# Greetings



## vanWinchester (May 29, 2009)

Greetings to you all; 

as you can tell, I am new here and I'd like to introduce myself with a few lines. 

I am a quite balanced INTJ from Europe, and curious to see what awaits me here. 
Some of my favorite occupations would be programming, webdesigning, working with graphics, reading and learning new things. 

I am currently working on a few video-tutorials; expanding my shop; enjoying talks with my friends; finishing my first *official* game and working out. I have started a (mostly) raw food diet about 2 months ago to reduce stress; and the workout made a good addition. 

I am mostly here to have good conversations, since the other forums I am registered at kinda lack good, interesting talks lately. 

For any further questions, feel free to drop a line. I usually don't bite. *bows*


----------



## starri (Jan 23, 2009)

I took up video editing, photoshop, and animation quite a while back. Interestingly i was just thinking about making a thread on photo editing today ^^

Welcome to the forum. I try to usually not hug. :happy:


----------



## vanWinchester (May 29, 2009)

Nyx said:


> I took up video editing, photoshop, and animation quite a while back. Interestingly i was just thinking about making a thread on photo editing today ^^


Great! More people who do manips and editing. Awesome. Seems I am in the right place here. Hehe. 

And thanks for welcoming me.


----------



## LadyJava (Oct 26, 2008)

Hello, vanWinchester. Welcome to PersonalityCafe.


----------



## Siggy (May 25, 2009)

Welcome,

Its great to have you here. You wont have any difficulty finding good conversations. we are a lively and fun bunch.


----------



## vanWinchester (May 29, 2009)

java_monkey said:


> Hello, vanWinchester. Welcome to PersonalityCafe.


Thank you *bows* 



cassini said:


> Welcome,
> 
> Its great to have you here. You wont have any difficulty finding good conversations. we are a lively and fun bunch.


Thank you. 
Well, I will stay tuned then. Hehe.


----------



## LadyJava (Oct 26, 2008)

Nyx said:


> Welcome to the forum. I try to usually not hug. :happy:


That's funny, I have to restrain myself, too. I try to note whether the poster is a T or an F, and try not to annoy the T's with a bunch of emoticons or hugs. :laughing:


----------



## vanWinchester (May 29, 2009)

Well, I have nothing against hugs, as long as it is not constantly and also...*goes mysterious* as long as nobody is watching. 

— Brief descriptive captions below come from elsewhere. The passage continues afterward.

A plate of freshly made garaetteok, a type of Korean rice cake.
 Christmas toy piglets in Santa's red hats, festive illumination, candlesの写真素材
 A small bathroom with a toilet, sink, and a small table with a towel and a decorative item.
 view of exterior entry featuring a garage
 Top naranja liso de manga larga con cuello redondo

*checks if anybody is watching* 
Coast is clear! So if you want to, go ahead I guess.


----------



## LadyJava (Oct 26, 2008)

*Gives vanWinchester a big, welcoming hug.* :happy:


----------



## vanWinchester (May 29, 2009)

java_monkey said:


> *Gives vanWinchester a big, welcoming hug.* :happy:


Well thanks. *checks if really nobody saw it* *quickly hugs back* 
*cough* Okay so...nice to meet you. =P


----------



## starri (Jan 23, 2009)

haha  

well i initially typed that as a joke on * i usually don't bite * 

but cool

*group hug!*


----------



## LadyJava (Oct 26, 2008)

I knew it! Even you INTJ's have a creamy center. :wink:

YouTube - Scrubs, Season Four (4), Episode Seven (7), My Common Enemy, Bastard Coated Bastards with Bastard Filling


----------



## Closet Extrovert (Mar 11, 2009)

Hello. I said welcome on your public profile already. I like your signature (the rule 1). I think it's funny! :laughing:


----------



## slowriot (Nov 11, 2008)

hello and welcome from a european intp


----------



## Kevinaswell (May 6, 2009)

Welcome.

P.s. Whoever is in your avatar is fuckin' hott.


----------



## TreeBob (Oct 11, 2008)

Kevinaswell said:


> Welcome.
> 
> P.s. Whoever is in your avatar is fuckin' hott.


err I guess you are gay? Not that it is an issue. 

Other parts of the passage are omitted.